The official said Turkey believes that two members of the team “came to Turkey for the sole purpose of covering up evidence” before Turkish police were allowed to search the Saudi Consulate.
Khashoggi was killed there on October 2 after he entered to collect a document he needed to marry his Turkish fiancee.
The official said the fact that a clean-up team was dispatched suggests that Khashoggi’s killing “was within the knowledge of top Saudi officials”.
The unnamed official also confirmed the Sabah report which identified the two experts as Ahmed Abdulaziz Al-Janobi and Khaled Yahya al-Zahrani.
“We believe that the two individuals came to Turkey for the sole purpose of covering up evidence of Jamal Khashoggi’s murder before the Turkish police were allowed to search the premises,” he said.
The information was the latest in a series of leaks from Turkish officials apparently aimed at keeping up the pressure on Saudi Arabia and ensuring that the killing is not covered up.
Istanbul’s chief prosecutor, who is leading the investigation, said last week that Khashoggi, who lived in exile in the US, had been strangled immediately after he entered the consulate on an appointment made after an earlier visit.
He said it was part of a premeditated killing and that the journlaist’s body was dismembered before being removed.
Turkish President Recep Tayyip Erdogan said in an op-ed in the Washington Post last week that the order to kill Khashoggi came from the highest level of the Saudi government and added that the international community had the responsibility to “reveal the puppet masters” behind the death.
Turkey is seeking the extradition of 18 suspects who have been detained in Saudi Arabia, so they can be put on trial in Turkey.
They include 15 members of an alleged Saudi “hit squad” that Turkey says was sent to Istanbul to kill the Washington Post columnist who had written critically of Saudi Arabia’s Crown Prince Mohammed bin Salman.
Saudi Arabia acknowledged last month that Turkish evidence indicates that Khashoggi’s killing at the consulate was premeditated, shifting its explanation in an apparent effort to ease international outrage over the death.
On Saturday, the Sabah newspaper, which is close to the Turkish government, said Khashoggi’s body, which still has not been found, was dismembered and removed from the Saudi Consulate in five suitcases.

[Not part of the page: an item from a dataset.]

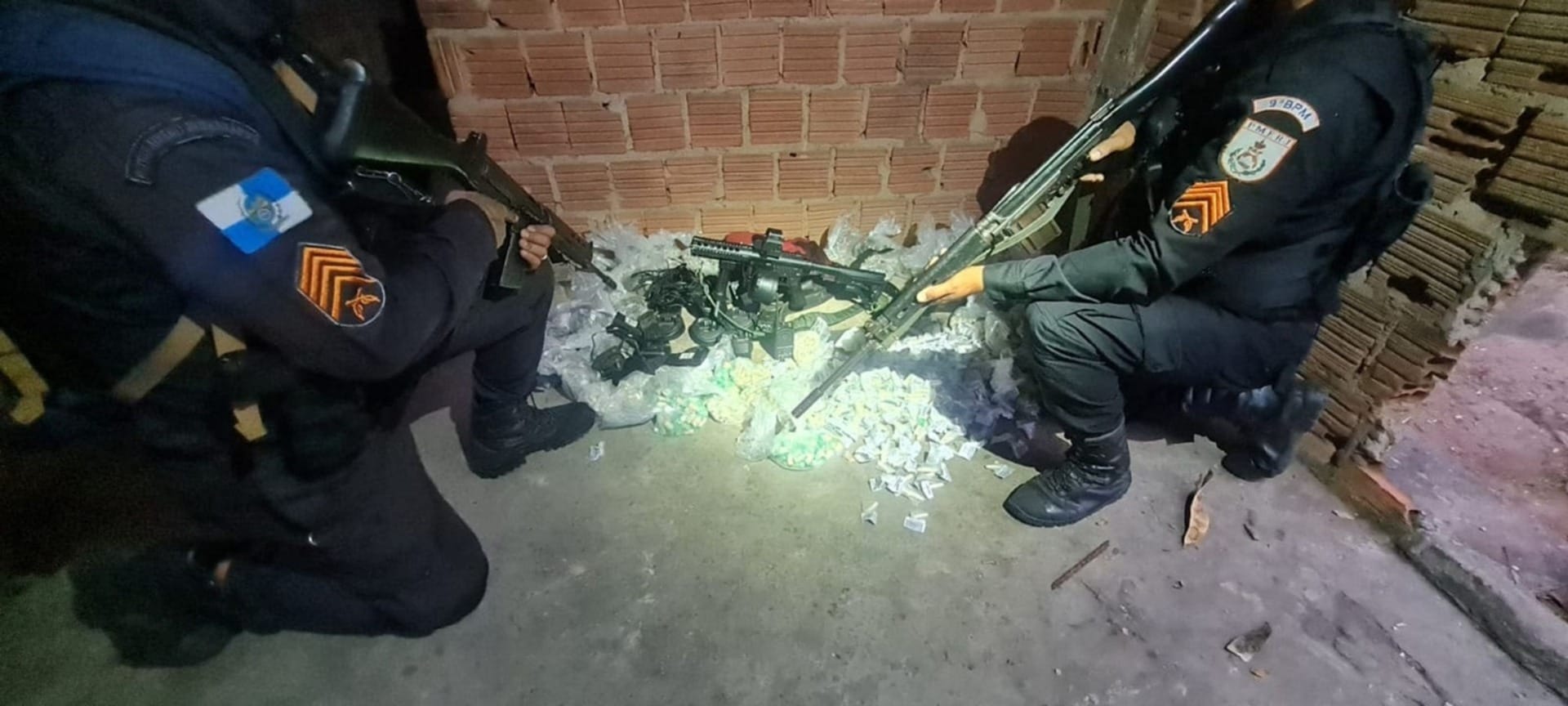 Um fuzil, três rádios transmissores e drogas são apreendidas no Complexo da Serrinha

A senior official from Turkey’s ruling party, who is a friend of Khashoggi’s, has suggested his body may have been dissolved in acid or other chemicals.
Turkey’s vice-president, Fuat Oktay, told the state-run Anadolu news agency that such reports need to be investigated.
Meanwhile, two of Khashoggi’s sons appealed for his remains to be returned so that he may be buried in Saudi Arabia.
In an interview with CNN on Sunday, the sons also said they hoped he did not suffer when he was killed.
“All what we want right now is to bury him in Al-Baqi (cemetery) in Medina with the rest of his family,” Salah Khashoggi said.
“I talked about that with the Saudi authorities and I just hope that it happens soon,” he said.